The "Wow" starts in Hong Kong now! More than 300 peoples wait overnight for Windows Vista and 2007 Microsoft Office system are Officially Released today. Starting at 10:30am, they can purchase Windows Vista Ultimate Edition at HK$699 (Retail Price at HK$3,339, 100 sets only) or Microsoft Office Home and Student 2007 at HK$699 (Retail Price at HK$1,204, 100 sets only).The first customer who purchases Windows Vista Ultimate Edition will receive the Limited Edition Windows Vista Ultimate English UPG DVD Signature Edition with Bill Gates' signature.


----------



## oCyrus55 (Feb 3, 2007)

I hope I don't start a fight over this, but Vista is basically a direct copy of Mac OSX. All the new features that are in Vista have been with us Mac users for a long time.  Here's my proof:

http://www.twincities.com/mld/twincities/living/16555680.htm

http://www.technologyreview.com/Infotech/17992/page1/


----------



## oCyrus55 (Feb 3, 2007)

But good shots by the way


----------



## CameronBrown_Photography (Feb 3, 2007)

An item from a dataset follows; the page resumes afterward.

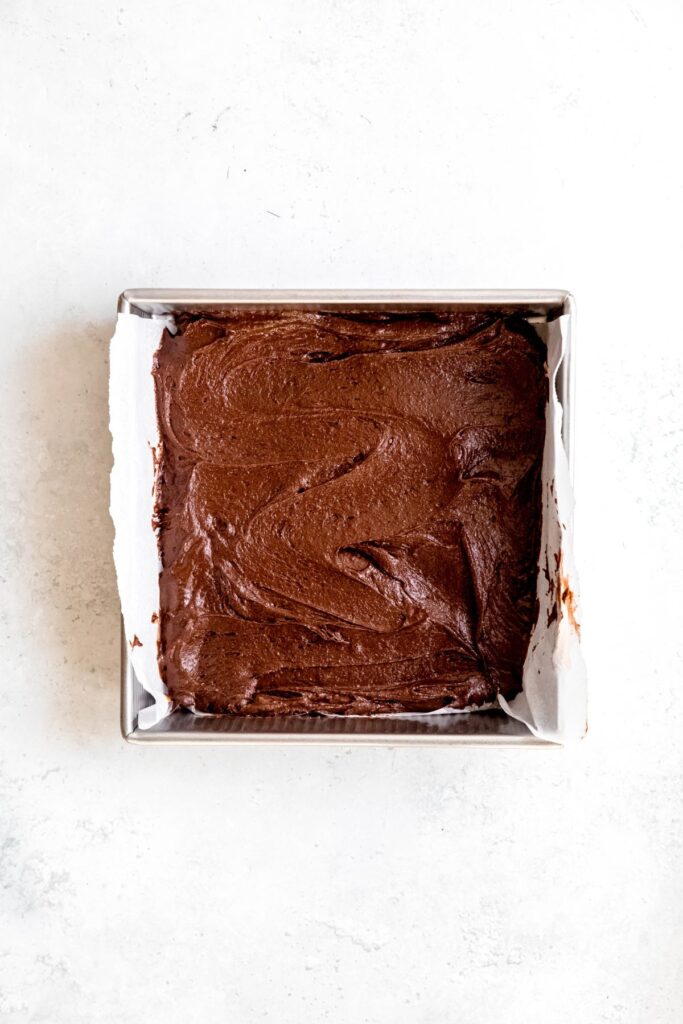 brownie batter spread out in a prepared baking tin.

yeah i agree, i wouldnt be charging for vista.


----------



## THORHAMMER (Feb 20, 2007)

i wouldnt run it on my system if they paid me

nice shots !!

well exposed and everything !


----------



## Alex_B (Feb 20, 2007)

My plan is to try to avoid vista like the plague.

Vista might be the reason for me to migrate to a different OS when XP is not supported anymore. I do not want to rely on one company to be in control of all the drivers.

Also, when I upgrade my computer, I want to feel it in the performance of the applications, not in the performance of stupid gadgets of the OS.

[edit:] sorry for the rant, and not commenting the image, but what you show here is just very "political"


----------



## fmw (Feb 21, 2007)

Alex, it is even worse.  The end user license agreement gives microsoft the right to delete things from your hard drive without your consent or knowledge.  The software police have actually arrived.  Vista has gone completely over the edge.  When XP is no longer supported I'm going to switch to Unix.  It seems to have made a hit in Hong Kong, however.  Nice shots.


----------



## Alex_B (Feb 23, 2007)

fmw said:


> Alex, it is even worse.  The end user license agreement gives microsoft the right to delete things from your hard drive without your consent or knowledge.  The software police have actually arrived.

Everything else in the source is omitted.